_Problem details:_ Retype the data that follows line by line, exactly, and leave its pictures out.

_Source material:_
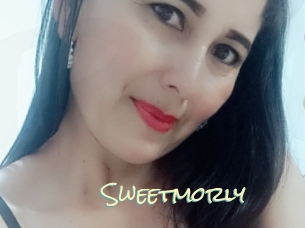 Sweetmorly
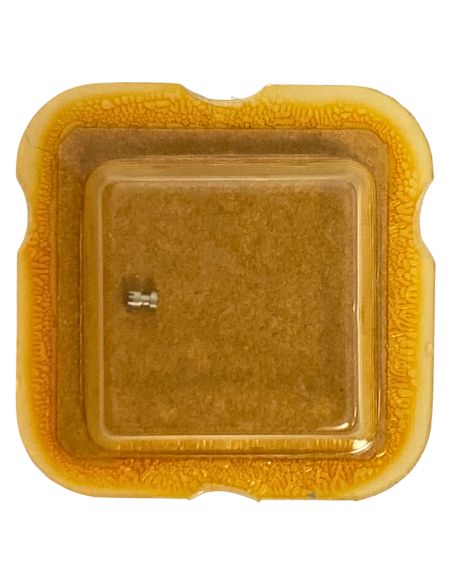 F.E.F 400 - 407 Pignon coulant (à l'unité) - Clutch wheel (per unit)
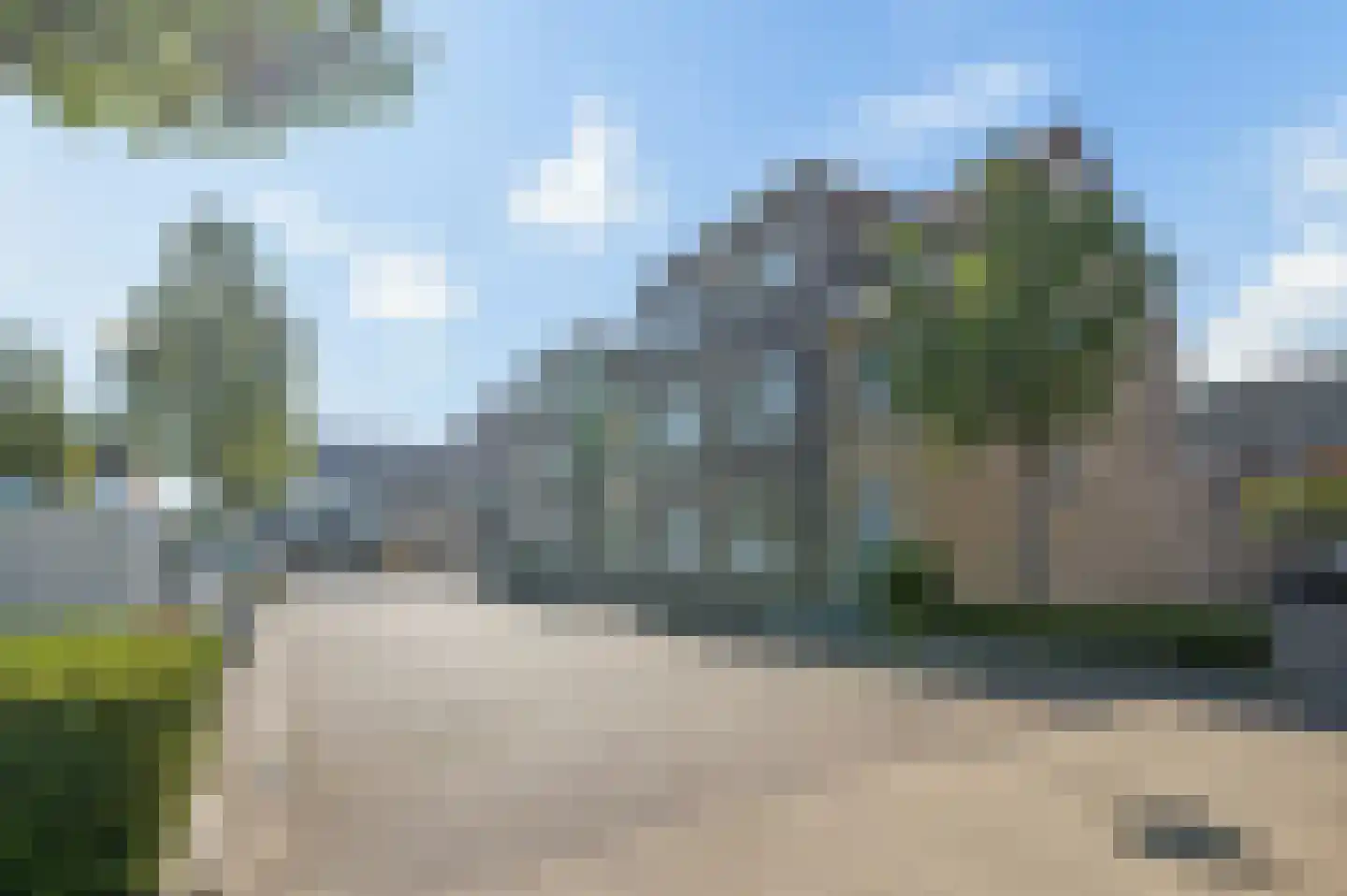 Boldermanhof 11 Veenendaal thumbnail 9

_Solution to this task:_
 Sweetmorly
 F.E.F 400 - 407 Pignon coulant (à l'unité) - Clutch wheel (per unit)
 Boldermanhof 11 Veenendaal thumbnail 9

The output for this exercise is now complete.